WHAT YOU ARE ASKED TO DO:
Lines outside the range are not wanted. Give again exactly the lines between the line holding "What does GAGF" and the line holding "Abdulla Rajabov - San go'zal (Klip HD)", inclusive, from the listing below.

INPUT FOR THIS TASK:
______________________________

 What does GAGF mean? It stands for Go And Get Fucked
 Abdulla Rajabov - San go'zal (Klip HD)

______________________________

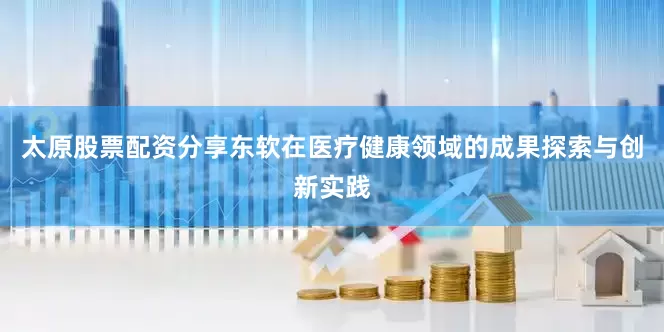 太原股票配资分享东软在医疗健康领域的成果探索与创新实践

______________________________

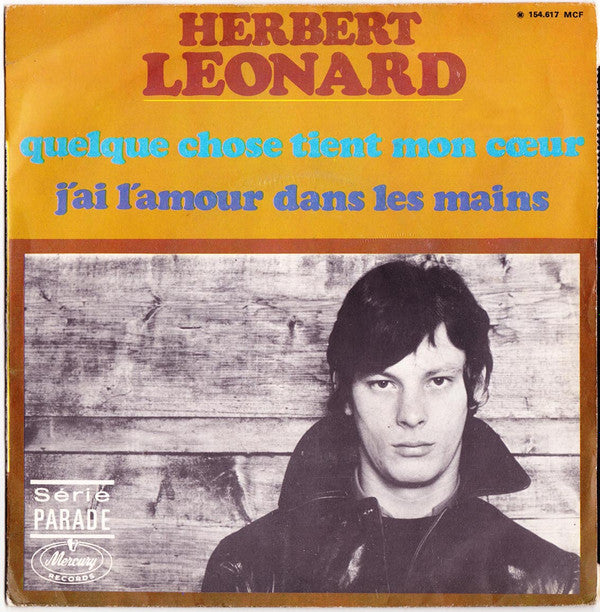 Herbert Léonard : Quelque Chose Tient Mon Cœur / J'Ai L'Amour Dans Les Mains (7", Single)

______________________________

ANSWER TO THIS EXERCISE:
 What does GAGF mean? It stands for Go And Get Fucked
 Abdulla Rajabov - San go'zal (Klip HD)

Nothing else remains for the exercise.